Within the records below, filter for lines carrying the word "Beach" and copy them.

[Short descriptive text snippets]

========================

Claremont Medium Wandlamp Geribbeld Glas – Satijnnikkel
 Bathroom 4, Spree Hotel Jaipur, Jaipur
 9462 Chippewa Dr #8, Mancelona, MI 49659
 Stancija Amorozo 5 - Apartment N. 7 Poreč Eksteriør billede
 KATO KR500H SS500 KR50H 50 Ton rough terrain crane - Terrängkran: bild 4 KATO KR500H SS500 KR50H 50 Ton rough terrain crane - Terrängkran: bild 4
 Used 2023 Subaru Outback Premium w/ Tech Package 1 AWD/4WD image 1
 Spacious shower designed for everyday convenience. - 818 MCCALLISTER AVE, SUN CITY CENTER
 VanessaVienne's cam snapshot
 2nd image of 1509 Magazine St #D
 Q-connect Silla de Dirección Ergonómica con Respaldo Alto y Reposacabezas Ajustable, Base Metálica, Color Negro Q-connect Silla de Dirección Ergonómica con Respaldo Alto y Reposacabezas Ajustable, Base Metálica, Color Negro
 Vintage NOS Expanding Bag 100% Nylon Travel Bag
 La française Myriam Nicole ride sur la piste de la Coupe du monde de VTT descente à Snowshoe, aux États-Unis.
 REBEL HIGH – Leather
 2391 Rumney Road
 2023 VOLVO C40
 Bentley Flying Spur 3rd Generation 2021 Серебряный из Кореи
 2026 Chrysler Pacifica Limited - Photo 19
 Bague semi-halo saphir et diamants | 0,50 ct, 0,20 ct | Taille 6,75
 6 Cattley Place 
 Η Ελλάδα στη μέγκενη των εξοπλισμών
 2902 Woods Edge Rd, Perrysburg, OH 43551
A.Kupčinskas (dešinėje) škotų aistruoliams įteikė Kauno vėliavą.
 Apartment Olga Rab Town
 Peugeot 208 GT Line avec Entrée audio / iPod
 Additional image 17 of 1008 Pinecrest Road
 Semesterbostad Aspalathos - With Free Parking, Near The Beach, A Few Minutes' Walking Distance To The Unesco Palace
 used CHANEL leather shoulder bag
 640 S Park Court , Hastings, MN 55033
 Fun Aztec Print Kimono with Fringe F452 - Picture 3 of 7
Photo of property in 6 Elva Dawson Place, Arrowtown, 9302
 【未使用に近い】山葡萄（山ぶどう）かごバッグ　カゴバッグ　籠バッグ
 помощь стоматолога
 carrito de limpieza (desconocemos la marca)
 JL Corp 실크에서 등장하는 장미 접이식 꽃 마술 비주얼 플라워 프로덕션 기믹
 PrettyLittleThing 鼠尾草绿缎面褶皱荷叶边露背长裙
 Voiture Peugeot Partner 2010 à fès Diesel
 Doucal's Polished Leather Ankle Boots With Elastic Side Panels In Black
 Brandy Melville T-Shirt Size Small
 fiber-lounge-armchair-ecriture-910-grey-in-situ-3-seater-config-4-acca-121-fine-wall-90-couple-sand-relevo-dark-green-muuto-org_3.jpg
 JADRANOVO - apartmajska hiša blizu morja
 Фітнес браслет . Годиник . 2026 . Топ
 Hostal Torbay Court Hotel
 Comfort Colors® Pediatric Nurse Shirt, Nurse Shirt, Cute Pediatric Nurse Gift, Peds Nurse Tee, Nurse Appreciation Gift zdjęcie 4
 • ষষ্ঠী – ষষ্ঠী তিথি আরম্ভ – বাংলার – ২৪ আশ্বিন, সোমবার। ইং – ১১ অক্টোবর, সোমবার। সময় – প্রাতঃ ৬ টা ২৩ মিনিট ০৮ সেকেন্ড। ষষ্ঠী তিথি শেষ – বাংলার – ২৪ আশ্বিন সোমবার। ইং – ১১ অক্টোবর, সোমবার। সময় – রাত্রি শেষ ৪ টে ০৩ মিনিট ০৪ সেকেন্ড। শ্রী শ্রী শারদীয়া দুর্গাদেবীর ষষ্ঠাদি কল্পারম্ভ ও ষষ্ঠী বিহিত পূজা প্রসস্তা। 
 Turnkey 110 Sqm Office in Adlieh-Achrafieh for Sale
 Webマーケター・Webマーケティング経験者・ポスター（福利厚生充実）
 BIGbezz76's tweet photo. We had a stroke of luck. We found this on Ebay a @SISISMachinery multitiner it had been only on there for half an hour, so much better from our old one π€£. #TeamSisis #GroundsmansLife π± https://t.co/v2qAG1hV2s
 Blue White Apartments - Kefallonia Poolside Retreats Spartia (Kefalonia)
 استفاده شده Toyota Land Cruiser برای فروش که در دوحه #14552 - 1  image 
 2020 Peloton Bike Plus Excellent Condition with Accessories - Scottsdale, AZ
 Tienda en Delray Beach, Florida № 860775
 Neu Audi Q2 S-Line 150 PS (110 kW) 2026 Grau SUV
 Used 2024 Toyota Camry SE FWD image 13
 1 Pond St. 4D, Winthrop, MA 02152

========================

- _Task solution_:
 Semesterbostad Aspalathos - With Free Parking, Near The Beach, A Few Minutes' Walking Distance To The Unesco Palace
 Tienda en Delray Beach, Florida № 860775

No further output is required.